Ferment Hot, Fast, and Clean Beer with Kveik Norwegian Farmhouse Strains
Brewers are unleashing the potential of these super-yeasts, taking advantage of rapid fermentation to turn around tanks more quickly. Because it happens fast, repeatability requires vigilant data collection.
PRECISION FERMENTATION (SPONSORED)
There’s a trending not-so-new category of super-yeasts in town, and if you haven’t tasted or brewed with them yet, you likely will soon. Called kveik (kuh-vike), they hail from Norway, and their fans say that almost anything your yeast can do, kveik yeast can probably do better.
Why Use Kveik Farmhouse Yeast Strains?
“For the brewer it’s awesome, because it ferments fast and hot, yet so clean you can make most ordinary beer styles with it. The beer doesn’t need to mature very long, either, so you can go from pitch to selling in a week,” says Lars Marius Garshol, a writer who has acquired a cult following in the United States for collecting and promoting 40 kveik yeast cultures he’s found on family farms across Norway.
“For normal people,” Garshol says, “it’s awesome because of this back story of a super-yeast surviving ‘hidden’ in western Norway, passed on from father to son for untold generations.”
Save Time By Fermenting with Kveik
In total, about 100 single- and mixed-strain kveik cultures are sold commercially around the world. These literal farmhouse yeasts—which tend to give off fruity flavors and lend themselves nicely to a vast array of styles, and particularly to NEIPAs—have been documented fermenting at temperatures as high as 107°F (42°C) without any unwanted off-flavors from fermenting too hot, as witnessed by Garshol, Chicago-based Omega Yeast, and others.
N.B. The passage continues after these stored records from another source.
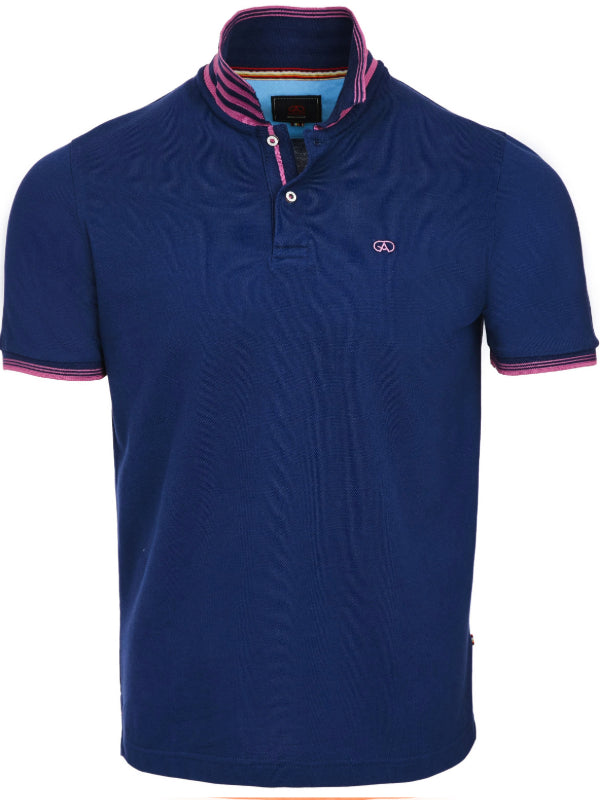 André Navy Polo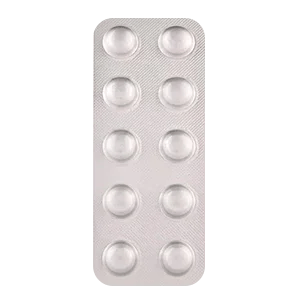 zanaflex-5 Zanaflex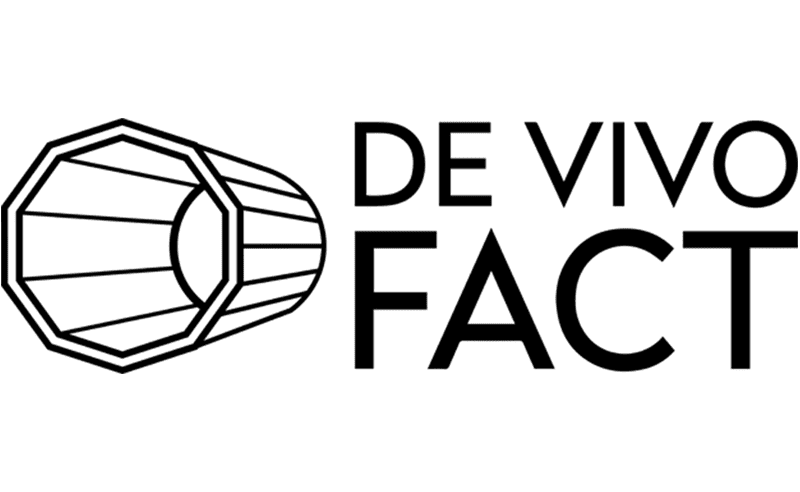 De Vivo Fact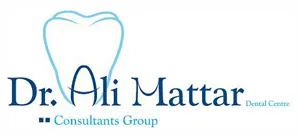 Ali Mattar Dental Center | Dr. Ali Mattar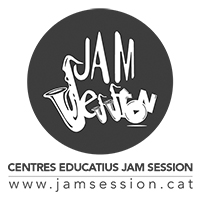 Escuela Superior de Música Jam Session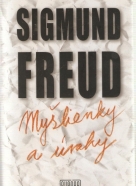Sigmund Freud- Myšlienky a úvahy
Because they can ferment so hot, they can also ferment fast—really fast.
As Garshol says, brewers using kveik have cut their fermentation time in half—from two weeks down to one—and he reports watching a dried and dormant strain start visibly fermenting within 30 minutes.
Chicago-based Omega Yeast first brought Garshol’s kveik yeast cultures to this country and currently sells five variations. Laura Burns, Omega’s director of research and development, explains that the high heat jumpstarts the chemical reactions in fermentation.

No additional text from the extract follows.